Nothing in the data should be left out, so repeat it all exactly.

[Opening DATA FOR THIS TASK section]

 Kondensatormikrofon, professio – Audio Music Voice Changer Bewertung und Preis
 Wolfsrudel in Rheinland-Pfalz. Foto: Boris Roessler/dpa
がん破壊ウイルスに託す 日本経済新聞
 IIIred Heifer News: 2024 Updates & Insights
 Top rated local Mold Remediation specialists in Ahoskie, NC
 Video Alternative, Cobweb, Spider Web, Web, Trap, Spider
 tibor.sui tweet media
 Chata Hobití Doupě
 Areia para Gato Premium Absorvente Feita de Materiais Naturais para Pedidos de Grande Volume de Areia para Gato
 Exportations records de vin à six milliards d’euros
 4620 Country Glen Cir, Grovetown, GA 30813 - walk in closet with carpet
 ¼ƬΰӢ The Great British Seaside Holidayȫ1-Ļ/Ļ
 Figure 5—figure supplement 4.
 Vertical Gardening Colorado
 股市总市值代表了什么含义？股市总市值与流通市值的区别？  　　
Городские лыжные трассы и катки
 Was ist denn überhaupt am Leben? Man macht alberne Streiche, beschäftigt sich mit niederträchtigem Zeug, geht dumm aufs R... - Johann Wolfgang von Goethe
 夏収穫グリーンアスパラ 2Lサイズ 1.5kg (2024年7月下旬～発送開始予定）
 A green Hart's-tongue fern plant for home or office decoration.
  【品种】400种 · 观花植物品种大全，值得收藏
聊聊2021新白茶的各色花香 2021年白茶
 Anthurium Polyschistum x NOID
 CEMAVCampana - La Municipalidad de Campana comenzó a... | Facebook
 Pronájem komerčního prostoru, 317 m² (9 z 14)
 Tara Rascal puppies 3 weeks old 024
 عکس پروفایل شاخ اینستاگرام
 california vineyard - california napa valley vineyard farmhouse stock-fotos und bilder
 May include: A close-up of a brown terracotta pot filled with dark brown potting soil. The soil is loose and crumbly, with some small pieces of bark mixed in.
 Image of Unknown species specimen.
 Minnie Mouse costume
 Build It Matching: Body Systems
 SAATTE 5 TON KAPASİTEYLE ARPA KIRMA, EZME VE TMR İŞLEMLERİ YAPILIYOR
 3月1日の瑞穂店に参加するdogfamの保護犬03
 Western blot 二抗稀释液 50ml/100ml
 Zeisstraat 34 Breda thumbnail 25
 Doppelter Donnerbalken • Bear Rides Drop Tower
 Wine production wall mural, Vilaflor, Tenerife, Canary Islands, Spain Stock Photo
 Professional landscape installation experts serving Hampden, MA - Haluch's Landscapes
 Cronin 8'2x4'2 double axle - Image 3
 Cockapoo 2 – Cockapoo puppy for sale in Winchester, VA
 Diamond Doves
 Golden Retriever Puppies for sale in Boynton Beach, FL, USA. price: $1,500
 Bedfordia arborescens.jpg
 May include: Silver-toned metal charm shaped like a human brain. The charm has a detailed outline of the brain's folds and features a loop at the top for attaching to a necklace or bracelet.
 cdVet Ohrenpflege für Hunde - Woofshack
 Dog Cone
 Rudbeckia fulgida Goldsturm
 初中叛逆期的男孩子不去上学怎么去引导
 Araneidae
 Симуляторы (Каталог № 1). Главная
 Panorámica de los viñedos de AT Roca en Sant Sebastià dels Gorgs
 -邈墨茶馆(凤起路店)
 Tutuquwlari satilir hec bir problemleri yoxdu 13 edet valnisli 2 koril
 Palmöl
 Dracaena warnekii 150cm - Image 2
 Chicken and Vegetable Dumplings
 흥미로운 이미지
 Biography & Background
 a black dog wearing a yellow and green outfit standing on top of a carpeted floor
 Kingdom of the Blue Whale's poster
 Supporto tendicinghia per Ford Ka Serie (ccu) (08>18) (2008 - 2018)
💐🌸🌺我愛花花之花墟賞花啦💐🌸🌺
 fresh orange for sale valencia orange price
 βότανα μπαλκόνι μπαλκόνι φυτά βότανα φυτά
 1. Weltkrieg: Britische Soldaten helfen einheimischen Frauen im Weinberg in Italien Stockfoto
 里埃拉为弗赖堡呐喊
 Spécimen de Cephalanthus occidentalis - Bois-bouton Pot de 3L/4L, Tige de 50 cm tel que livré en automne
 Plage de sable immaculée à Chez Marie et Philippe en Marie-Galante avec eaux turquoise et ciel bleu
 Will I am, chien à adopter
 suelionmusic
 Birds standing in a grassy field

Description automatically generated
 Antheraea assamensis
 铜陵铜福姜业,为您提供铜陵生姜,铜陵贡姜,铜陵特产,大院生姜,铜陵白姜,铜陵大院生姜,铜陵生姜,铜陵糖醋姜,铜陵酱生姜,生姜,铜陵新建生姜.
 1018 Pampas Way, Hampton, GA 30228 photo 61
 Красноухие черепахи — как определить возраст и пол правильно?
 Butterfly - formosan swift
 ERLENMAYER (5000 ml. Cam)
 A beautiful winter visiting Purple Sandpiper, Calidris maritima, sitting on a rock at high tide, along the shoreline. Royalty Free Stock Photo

[Closing DATA FOR THIS TASK section]

**TASK RESPONSE**
 Kondensatormikrofon, professio – Audio Music Voice Changer Bewertung und Preis
 Wolfsrudel in Rheinland-Pfalz. Foto: Boris Roessler/dpa
がん破壊ウイルスに託す 日本経済新聞
 IIIred Heifer News: 2024 Updates & Insights
 Top rated local Mold Remediation specialists in Ahoskie, NC
 Video Alternative, Cobweb, Spider Web, Web, Trap, Spider
 tibor.sui tweet media
 Chata Hobití Doupě
 Areia para Gato Premium Absorvente Feita de Materiais Naturais para Pedidos de Grande Volume de Areia para Gato
 Exportations records de vin à six milliards d’euros
 4620 Country Glen Cir, Grovetown, GA 30813 - walk in closet with carpet
 ¼ƬΰӢ The Great British Seaside Holidayȫ1-Ļ/Ļ
 Figure 5—figure supplement 4.
 Vertical Gardening Colorado
 股市总市值代表了什么含义？股市总市值与流通市值的区别？  　　
Городские лыжные трассы и катки
 Was ist denn überhaupt am Leben? Man macht alberne Streiche, beschäftigt sich mit niederträchtigem Zeug, geht dumm aufs R... - Johann Wolfgang von Goethe
 夏収穫グリーンアスパラ 2Lサイズ 1.5kg (2024年7月下旬～発送開始予定）
 A green Hart's-tongue fern plant for home or office decoration.
  【品种】400种 · 观花植物品种大全，值得收藏
聊聊2021新白茶的各色花香 2021年白茶
 Anthurium Polyschistum x NOID
 CEMAVCampana - La Municipalidad de Campana comenzó a... | Facebook
 Pronájem komerčního prostoru, 317 m² (9 z 14)
 Tara Rascal puppies 3 weeks old 024
 عکس پروفایل شاخ اینستاگرام
 california vineyard - california napa valley vineyard farmhouse stock-fotos und bilder
 May include: A close-up of a brown terracotta pot filled with dark brown potting soil. The soil is loose and crumbly, with some small pieces of bark mixed in.
 Image of Unknown species specimen.
 Minnie Mouse costume
 Build It Matching: Body Systems
 SAATTE 5 TON KAPASİTEYLE ARPA KIRMA, EZME VE TMR İŞLEMLERİ YAPILIYOR
 3月1日の瑞穂店に参加するdogfamの保護犬03
 Western blot 二抗稀释液 50ml/100ml
 Zeisstraat 34 Breda thumbnail 25
 Doppelter Donnerbalken • Bear Rides Drop Tower
 Wine production wall mural, Vilaflor, Tenerife, Canary Islands, Spain Stock Photo
 Professional landscape installation experts serving Hampden, MA - Haluch's Landscapes
 Cronin 8'2x4'2 double axle - Image 3
 Cockapoo 2 – Cockapoo puppy for sale in Winchester, VA
 Diamond Doves
 Golden Retriever Puppies for sale in Boynton Beach, FL, USA. price: $1,500
 Bedfordia arborescens.jpg
 May include: Silver-toned metal charm shaped like a human brain. The charm has a detailed outline of the brain's folds and features a loop at the top for attaching to a necklace or bracelet.
 cdVet Ohrenpflege für Hunde - Woofshack
 Dog Cone
 Rudbeckia fulgida Goldsturm
 初中叛逆期的男孩子不去上学怎么去引导
 Araneidae
 Симуляторы (Каталог № 1). Главная
 Panorámica de los viñedos de AT Roca en Sant Sebastià dels Gorgs
 -邈墨茶馆(凤起路店)
 Tutuquwlari satilir hec bir problemleri yoxdu 13 edet valnisli 2 koril
 Palmöl
 Dracaena warnekii 150cm - Image 2
 Chicken and Vegetable Dumplings
 흥미로운 이미지
 Biography & Background
 a black dog wearing a yellow and green outfit standing on top of a carpeted floor
 Kingdom of the Blue Whale's poster
 Supporto tendicinghia per Ford Ka Serie (ccu) (08>18) (2008 - 2018)
💐🌸🌺我愛花花之花墟賞花啦💐🌸🌺
 fresh orange for sale valencia orange price
 βότανα μπαλκόνι μπαλκόνι φυτά βότανα φυτά
 1. Weltkrieg: Britische Soldaten helfen einheimischen Frauen im Weinberg in Italien Stockfoto
 里埃拉为弗赖堡呐喊
 Spécimen de Cephalanthus occidentalis - Bois-bouton Pot de 3L/4L, Tige de 50 cm tel que livré en automne
 Plage de sable immaculée à Chez Marie et Philippe en Marie-Galante avec eaux turquoise et ciel bleu
 Will I am, chien à adopter
 suelionmusic
 Birds standing in a grassy field

Description automatically generated
 Antheraea assamensis
 铜陵铜福姜业,为您提供铜陵生姜,铜陵贡姜,铜陵特产,大院生姜,铜陵白姜,铜陵大院生姜,铜陵生姜,铜陵糖醋姜,铜陵酱生姜,生姜,铜陵新建生姜.
 1018 Pampas Way, Hampton, GA 30228 photo 61
 Красноухие черепахи — как определить возраст и пол правильно?
 Butterfly - formosan swift
 ERLENMAYER (5000 ml. Cam)
 A beautiful winter visiting Purple Sandpiper, Calidris maritima, sitting on a rock at high tide, along the shoreline. Royalty Free Stock Photo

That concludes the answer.